The fund has a two-year investment period and will look to commit to four to six funds per annum, Planvig said. The vehicle will not be making co-investments or direct investments.
Scala and Hamilton Lane have already begun preparations for the next club mandate, Bouix said.
“Many investors didn’t have time to join this club, so we then promised to get back after summer with another concrete proposal that would allow them to do something similar,” he said.
Planvig added that, given the two-year investment period and the intention to begin fundraising for the follow-up vehicle in the second half of 2017, “it’s very unlikely that Fund I investors will be able to invest into Fund II”. The second vehicle is expected to be a similar size to the first, he said.
Fund II is also expected to be made up of Finnish investors, Bouix said.
Planvig said that, while the majority of Hamilton Lane’s business is running tailor-made mandates for specific clients, “where this mandate does stand apart is that it’s a collection of investors instead of just one institution behind the mandate.”
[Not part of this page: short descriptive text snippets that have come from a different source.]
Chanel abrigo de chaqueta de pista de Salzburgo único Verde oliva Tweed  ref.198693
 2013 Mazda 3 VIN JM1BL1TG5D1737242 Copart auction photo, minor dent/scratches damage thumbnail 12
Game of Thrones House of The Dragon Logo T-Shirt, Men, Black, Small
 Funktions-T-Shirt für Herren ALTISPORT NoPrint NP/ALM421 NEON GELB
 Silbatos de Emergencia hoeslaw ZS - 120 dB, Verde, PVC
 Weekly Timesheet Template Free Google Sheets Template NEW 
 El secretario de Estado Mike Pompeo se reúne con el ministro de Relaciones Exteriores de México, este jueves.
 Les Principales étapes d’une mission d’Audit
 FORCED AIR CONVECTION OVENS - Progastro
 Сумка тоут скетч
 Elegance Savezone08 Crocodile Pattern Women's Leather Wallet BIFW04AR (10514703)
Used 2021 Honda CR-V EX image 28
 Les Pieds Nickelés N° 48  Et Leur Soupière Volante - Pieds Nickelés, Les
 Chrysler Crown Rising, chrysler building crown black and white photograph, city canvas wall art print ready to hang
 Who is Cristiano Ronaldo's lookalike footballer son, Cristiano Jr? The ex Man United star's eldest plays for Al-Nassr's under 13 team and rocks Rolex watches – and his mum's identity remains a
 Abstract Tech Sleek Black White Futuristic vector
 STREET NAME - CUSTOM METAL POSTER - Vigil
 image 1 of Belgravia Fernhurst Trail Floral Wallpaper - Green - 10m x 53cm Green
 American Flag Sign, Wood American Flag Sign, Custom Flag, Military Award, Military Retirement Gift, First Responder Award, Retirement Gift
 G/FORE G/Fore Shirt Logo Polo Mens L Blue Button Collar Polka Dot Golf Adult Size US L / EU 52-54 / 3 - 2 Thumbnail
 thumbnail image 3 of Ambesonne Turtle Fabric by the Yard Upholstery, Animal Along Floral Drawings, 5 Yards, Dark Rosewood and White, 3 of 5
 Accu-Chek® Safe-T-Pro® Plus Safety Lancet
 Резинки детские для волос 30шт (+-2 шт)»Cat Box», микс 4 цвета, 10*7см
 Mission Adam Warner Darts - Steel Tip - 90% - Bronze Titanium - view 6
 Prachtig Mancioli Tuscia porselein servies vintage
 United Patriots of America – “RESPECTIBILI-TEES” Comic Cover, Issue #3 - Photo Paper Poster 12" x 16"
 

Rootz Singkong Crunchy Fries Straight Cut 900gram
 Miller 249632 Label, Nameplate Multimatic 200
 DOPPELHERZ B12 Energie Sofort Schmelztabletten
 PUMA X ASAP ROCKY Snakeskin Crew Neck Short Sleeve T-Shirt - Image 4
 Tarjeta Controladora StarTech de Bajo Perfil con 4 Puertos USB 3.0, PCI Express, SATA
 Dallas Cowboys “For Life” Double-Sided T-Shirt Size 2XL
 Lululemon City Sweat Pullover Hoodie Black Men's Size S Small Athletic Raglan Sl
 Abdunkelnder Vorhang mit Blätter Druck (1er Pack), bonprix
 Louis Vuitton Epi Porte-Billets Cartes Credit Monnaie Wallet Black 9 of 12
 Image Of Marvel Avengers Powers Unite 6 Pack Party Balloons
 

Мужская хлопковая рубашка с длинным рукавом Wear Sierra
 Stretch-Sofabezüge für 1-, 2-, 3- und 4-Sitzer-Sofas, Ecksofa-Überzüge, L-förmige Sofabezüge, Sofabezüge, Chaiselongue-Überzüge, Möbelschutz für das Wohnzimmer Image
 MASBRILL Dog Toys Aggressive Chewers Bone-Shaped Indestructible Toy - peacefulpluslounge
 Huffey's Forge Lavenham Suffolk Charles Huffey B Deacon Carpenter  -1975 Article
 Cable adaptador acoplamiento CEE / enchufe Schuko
“It’s a bit more complex in the sense that we have to adjust and adhere to the investment demands of nine investors instead of just one,” he said, later adding that “on the structuring side it’s been quite complex getting nine different investors into the same vehicle, given all the different compliance metrics and so on.”
Planvig stressed that, although it has multiple LPs, the vehicle is not a typical fund of funds.
“One of the attractive things here is that there is a small LP base and that we are able to adjust the strategy as we go forward, so it’s not your average fund of funds blind pool,” he said.
“A very important aspect for the investors into the club fund is the fact that they’re able to work closely with our team at Hamilton Lane and also get a much better understanding of private equity than they would have investing into an average fund of funds structure.”
The vehicle will have dedicated relationship management resources, and the intention is to have “semi-annual investor meetings where we get all the investors into the same room where we discuss the pipeline, the market, and some of the new investments in order to make it much more interactive and facilitate that knowledge transfer to the investors.”
Planvig said he anticipates seeing more of these types of mandates with small groups of LPs teaming up, given the challenges for first-time private equity investors both of getting access to top-quartile managers and the trend toward increasing fund sizes.
“The trick is to align investors and find investors that have a commonality in terms of what investment exposure they would like.”